▸ **Exercise instructions**
Please give the lines below again exactly as they stand, from the one that contains "Hello and welcome" up to and including the one that contains "After that, try", leaving all pictures out.

▸ **Material supplied**
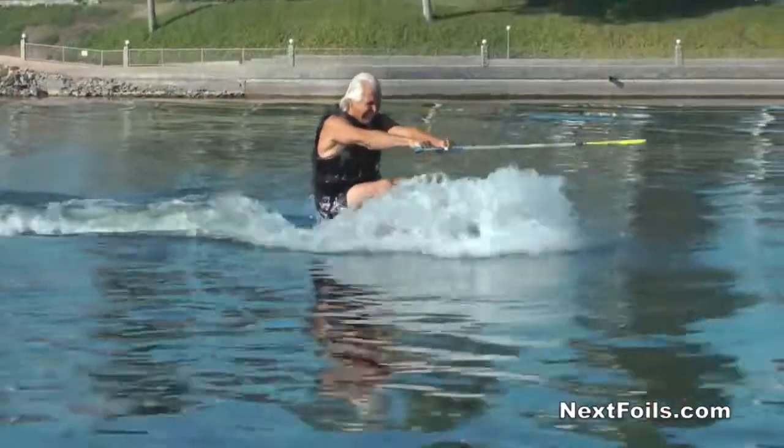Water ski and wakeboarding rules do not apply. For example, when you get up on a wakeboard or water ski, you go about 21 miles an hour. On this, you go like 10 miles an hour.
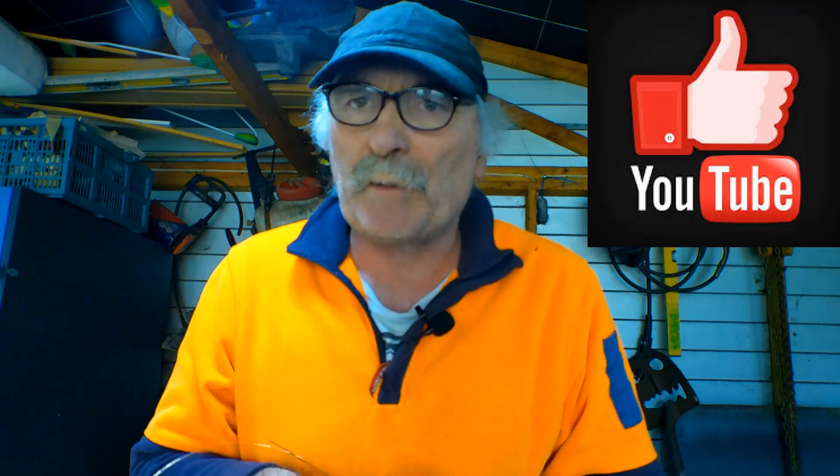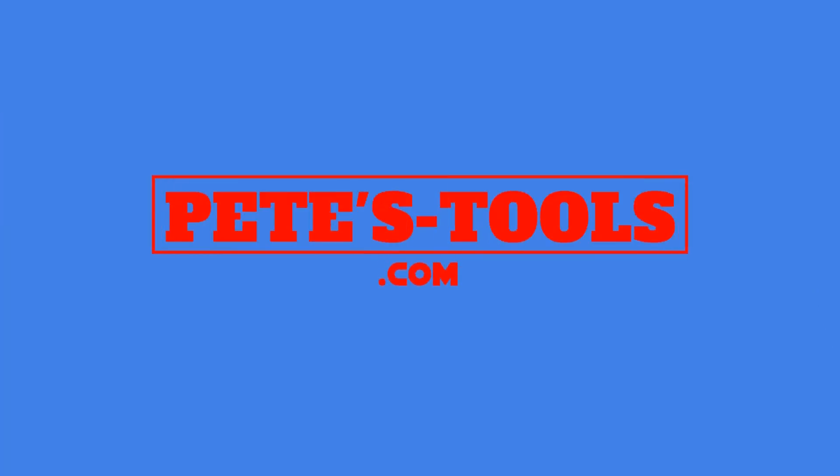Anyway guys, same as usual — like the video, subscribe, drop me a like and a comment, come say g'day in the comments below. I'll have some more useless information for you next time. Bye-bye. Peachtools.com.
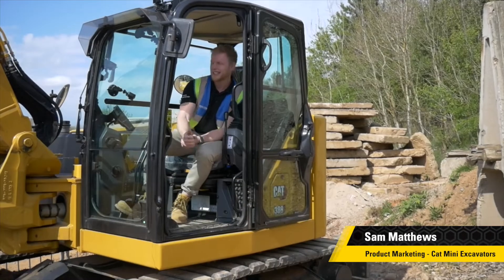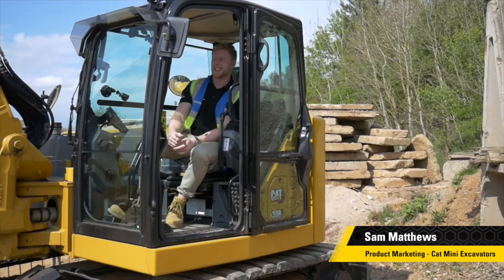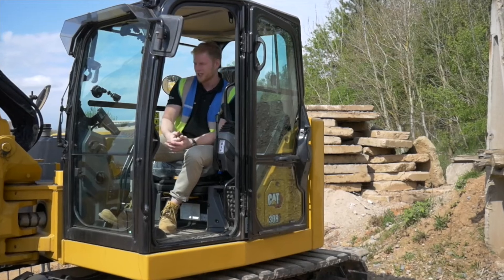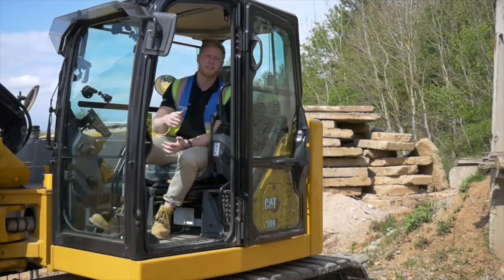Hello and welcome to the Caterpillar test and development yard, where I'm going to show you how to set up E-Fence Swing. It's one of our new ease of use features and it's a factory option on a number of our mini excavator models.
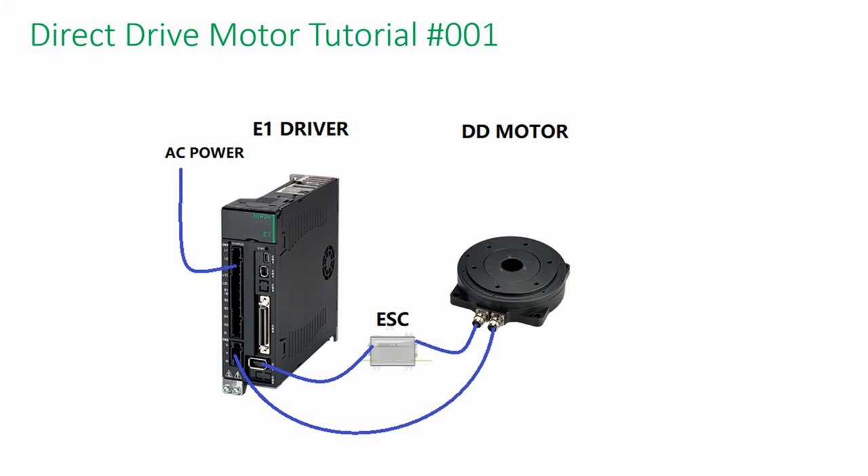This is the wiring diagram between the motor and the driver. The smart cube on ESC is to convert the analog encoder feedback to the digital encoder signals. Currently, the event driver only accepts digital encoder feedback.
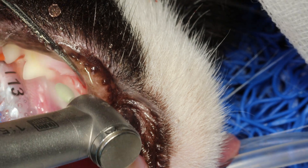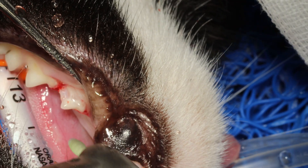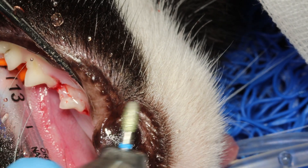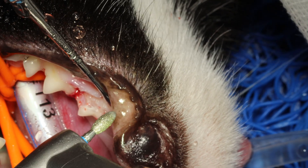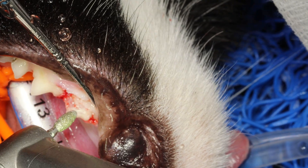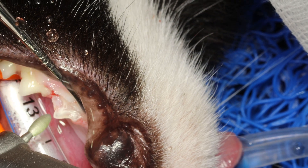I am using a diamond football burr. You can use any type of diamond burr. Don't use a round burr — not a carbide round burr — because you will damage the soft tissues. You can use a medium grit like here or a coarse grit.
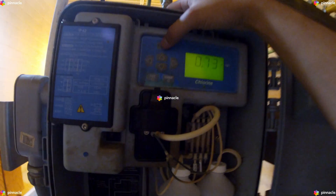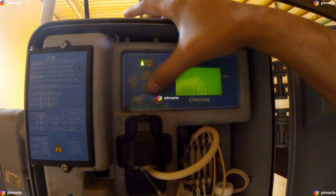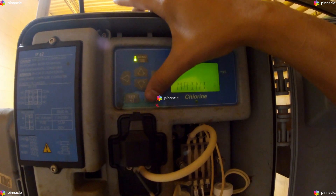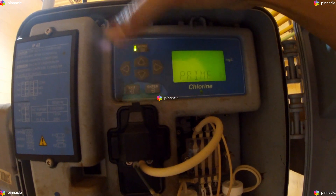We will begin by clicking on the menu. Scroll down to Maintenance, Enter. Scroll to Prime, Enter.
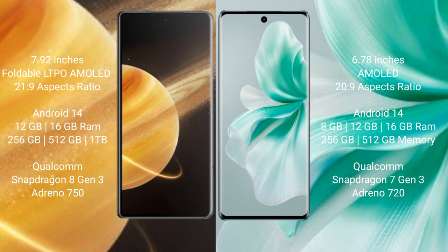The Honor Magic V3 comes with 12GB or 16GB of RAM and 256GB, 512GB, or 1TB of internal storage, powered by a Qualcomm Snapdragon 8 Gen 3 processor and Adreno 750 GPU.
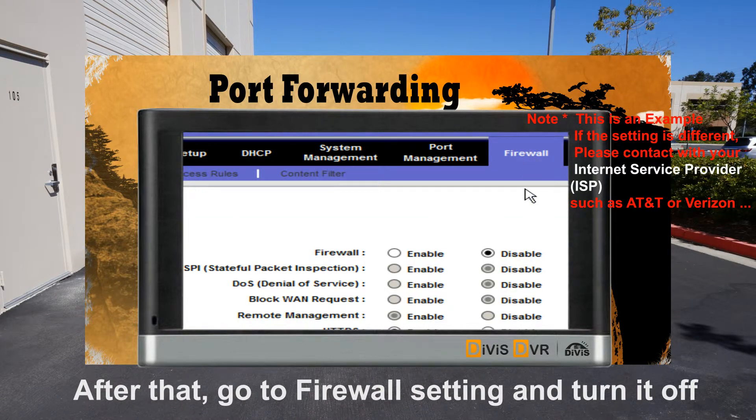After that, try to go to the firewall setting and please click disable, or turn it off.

...

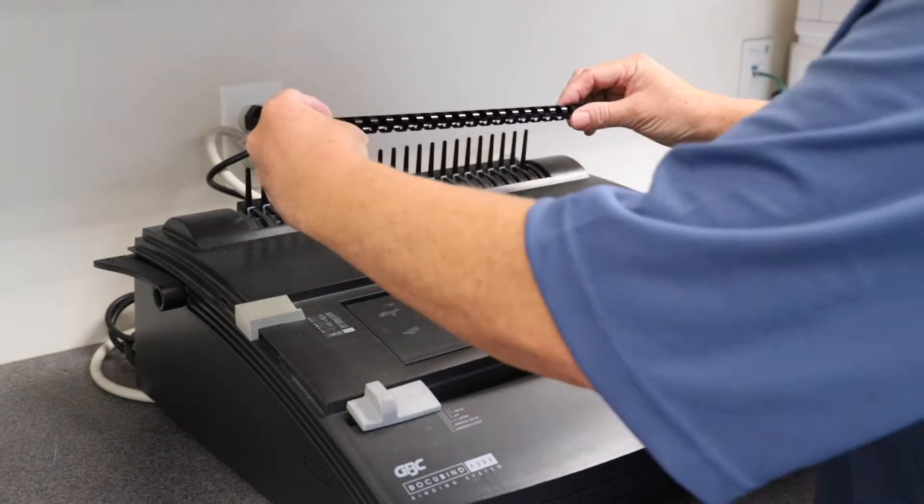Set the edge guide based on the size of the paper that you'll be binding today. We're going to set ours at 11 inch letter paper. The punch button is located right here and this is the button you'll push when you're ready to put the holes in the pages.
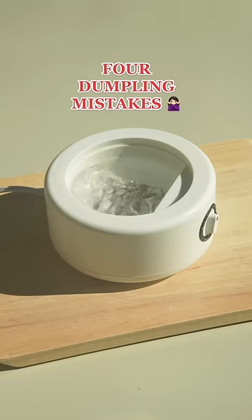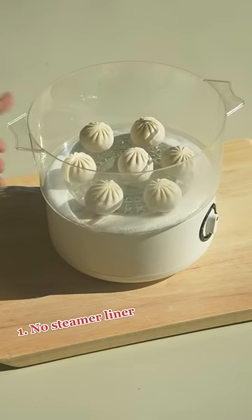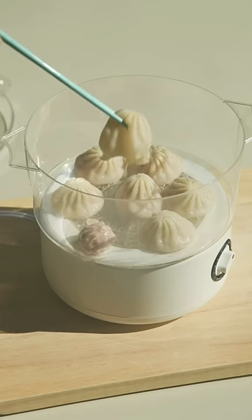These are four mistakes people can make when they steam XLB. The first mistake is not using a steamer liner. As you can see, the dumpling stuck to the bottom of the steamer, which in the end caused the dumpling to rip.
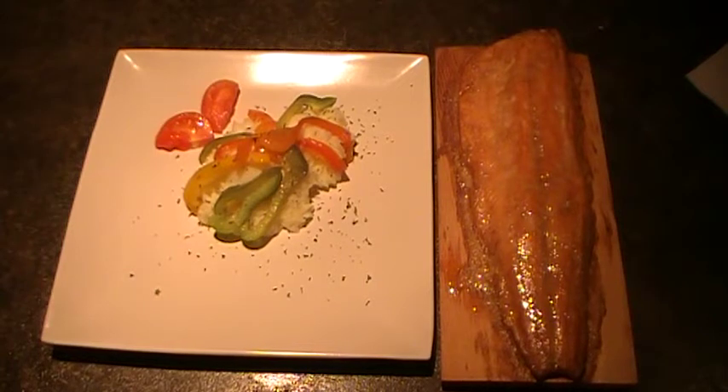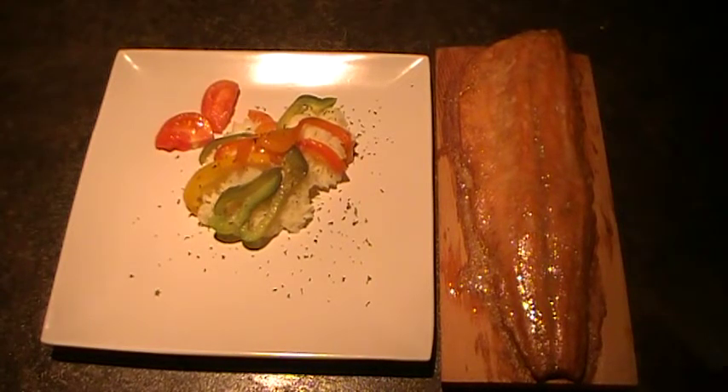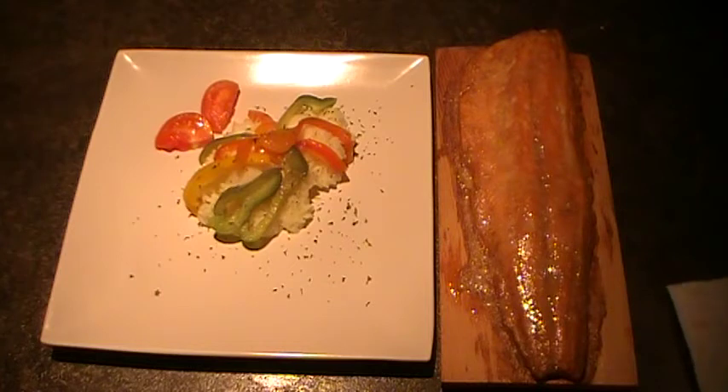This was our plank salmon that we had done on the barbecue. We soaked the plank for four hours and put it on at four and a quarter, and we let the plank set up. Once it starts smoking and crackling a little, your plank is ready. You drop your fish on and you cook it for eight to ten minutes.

▸ **Output**
Hello and welcome to the Caterpillar test and development yard, where I'm going to show you how to set up E-Fence Swing. It's one of our new ease of use features and it's a factory option on a number of our mini excavator models.
This is the wiring diagram between the motor and the driver. The smart cube on ESC is to convert the analog encoder feedback to the digital encoder signals. Currently, the event driver only accepts digital encoder feedback.
I am using a diamond football burr. You can use any type of diamond burr. Don't use a round burr — not a carbide round burr — because you will damage the soft tissues. You can use a medium grit like here or a coarse grit.
We will begin by clicking on the menu. Scroll down to Maintenance, Enter. Scroll to Prime, Enter.
The Honor Magic V3 comes with 12GB or 16GB of RAM and 256GB, 512GB, or 1TB of internal storage, powered by a Qualcomm Snapdragon 8 Gen 3 processor and Adreno 750 GPU.
After that, try to go to the firewall setting and please click disable, or turn it off.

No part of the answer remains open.